*PROBLEM DESCRIPTION*: With the images removed, transcribe the listing that follows exactly.

*DATA SHOWN*:
+---+

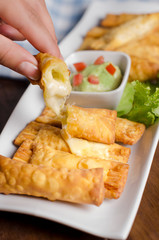 hand holding cheese sticks with guacamole dip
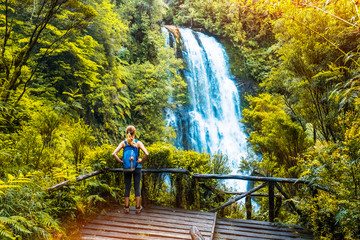 Poster - Woman hiker enjoys waterfall view from viewpoint surrounded by lush forest and vegetation. Chile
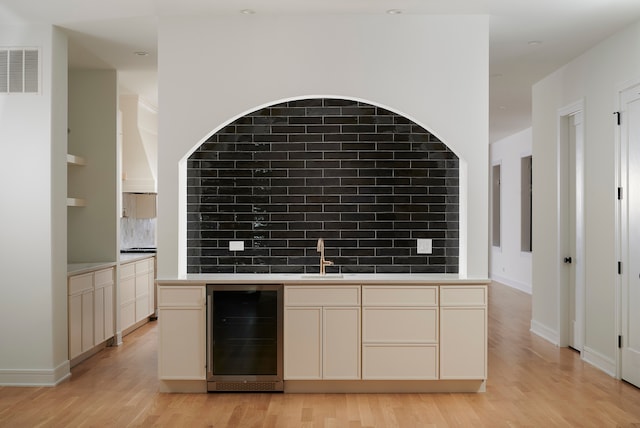 kitchen featuring sink, cream cabinets, beverage cooler, light hardwood / wood-style flooring, and decorative backsplash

+---+

*EXERCISE ANSWER*:
 hand holding cheese sticks with guacamole dip
 Poster - Woman hiker enjoys waterfall view from viewpoint surrounded by lush forest and vegetation. Chile
 kitchen featuring sink, cream cabinets, beverage cooler, light hardwood / wood-style flooring, and decorative backsplash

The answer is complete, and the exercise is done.